## [Requirement]
Would you retype the listing below word for word, without any of its pictures?

──────

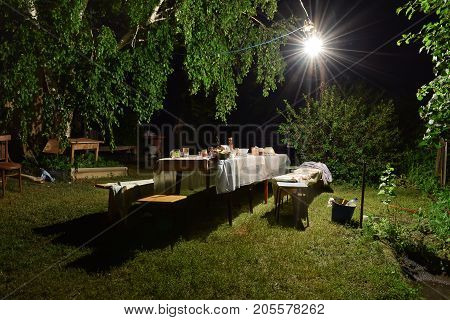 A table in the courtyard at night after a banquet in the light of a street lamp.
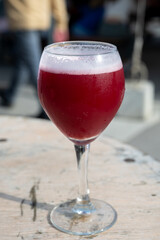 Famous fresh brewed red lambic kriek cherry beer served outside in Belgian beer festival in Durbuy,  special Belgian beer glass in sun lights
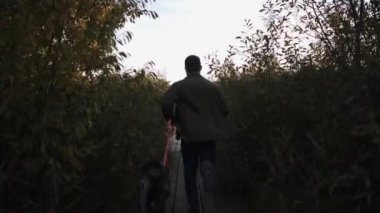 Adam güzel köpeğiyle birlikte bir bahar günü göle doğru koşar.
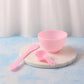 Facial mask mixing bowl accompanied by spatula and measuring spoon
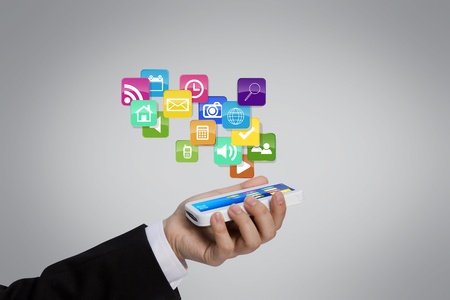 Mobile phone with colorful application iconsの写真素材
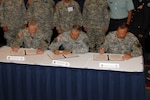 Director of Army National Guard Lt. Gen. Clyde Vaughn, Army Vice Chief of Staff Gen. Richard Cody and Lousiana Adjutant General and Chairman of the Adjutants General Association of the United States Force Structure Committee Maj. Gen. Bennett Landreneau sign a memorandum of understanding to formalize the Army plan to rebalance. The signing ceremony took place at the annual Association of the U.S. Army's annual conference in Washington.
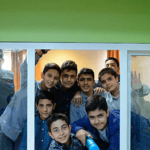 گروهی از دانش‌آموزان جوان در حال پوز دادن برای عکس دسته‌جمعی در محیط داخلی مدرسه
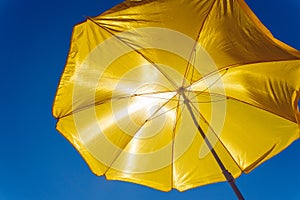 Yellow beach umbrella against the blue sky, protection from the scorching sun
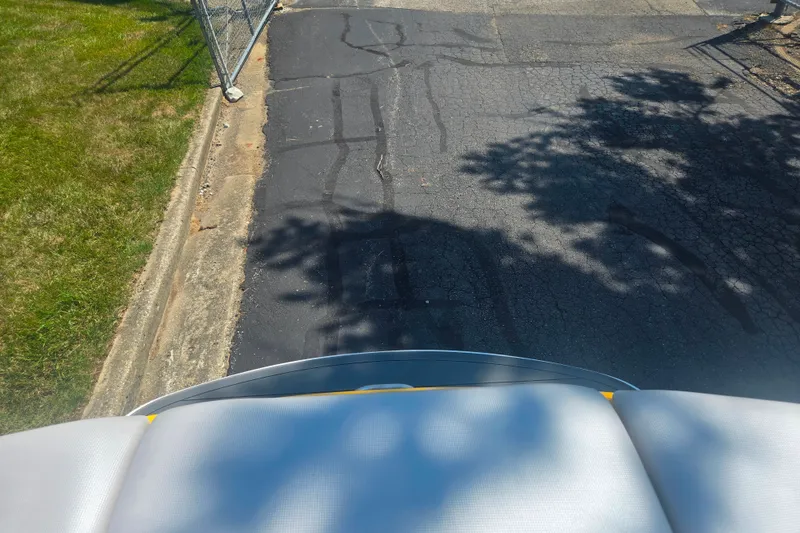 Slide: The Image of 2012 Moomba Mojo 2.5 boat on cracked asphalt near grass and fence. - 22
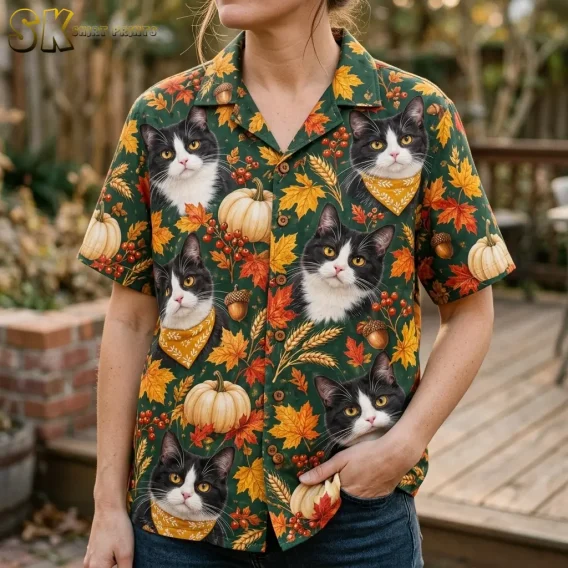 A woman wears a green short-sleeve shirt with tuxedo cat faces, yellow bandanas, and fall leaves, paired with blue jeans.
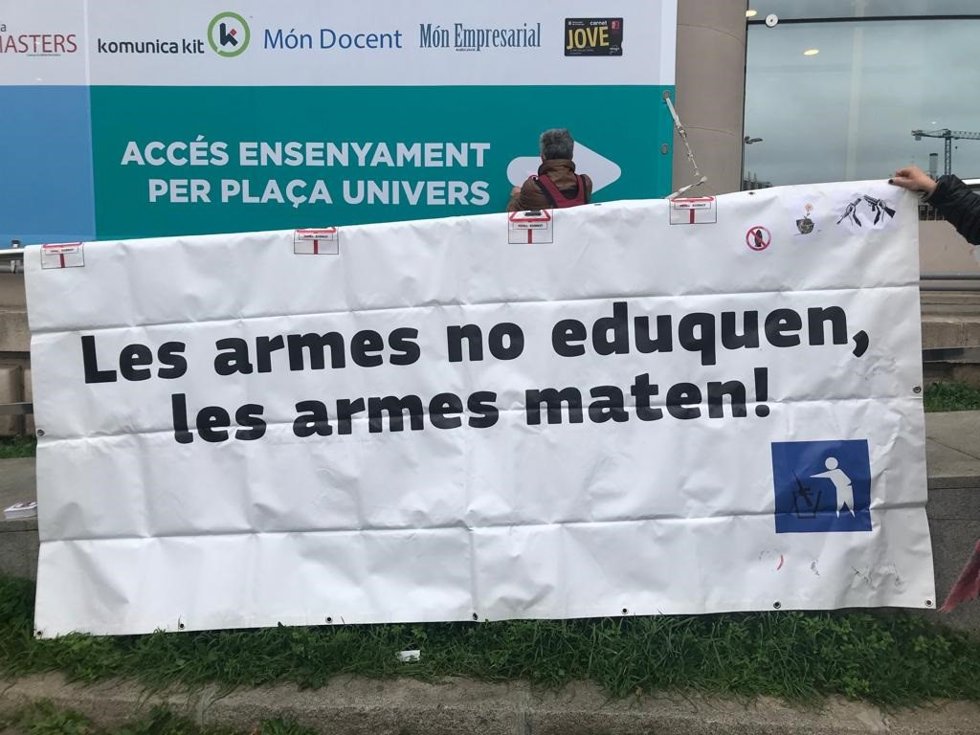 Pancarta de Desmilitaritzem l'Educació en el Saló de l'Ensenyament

──────

## [Written answer]
 A table in the courtyard at night after a banquet in the light of a street lamp.
 Famous fresh brewed red lambic kriek cherry beer served outside in Belgian beer festival in Durbuy,  special Belgian beer glass in sun lights
 Adam güzel köpeğiyle birlikte bir bahar günü göle doğru koşar.
 Facial mask mixing bowl accompanied by spatula and measuring spoon
 Mobile phone with colorful application iconsの写真素材
 Director of Army National Guard Lt. Gen. Clyde Vaughn, Army Vice Chief of Staff Gen. Richard Cody and Lousiana Adjutant General and Chairman of the Adjutants General Association of the United States Force Structure Committee Maj. Gen. Bennett Landreneau sign a memorandum of understanding to formalize the Army plan to rebalance. The signing ceremony took place at the annual Association of the U.S. Army's annual conference in Washington.
 گروهی از دانش‌آموزان جوان در حال پوز دادن برای عکس دسته‌جمعی در محیط داخلی مدرسه
 Yellow beach umbrella against the blue sky, protection from the scorching sun
 Slide: The Image of 2012 Moomba Mojo 2.5 boat on cracked asphalt near grass and fence. - 22
 A woman wears a green short-sleeve shirt with tuxedo cat faces, yellow bandanas, and fall leaves, paired with blue jeans.
 Pancarta de Desmilitaritzem l'Educació en el Saló de l'Ensenyament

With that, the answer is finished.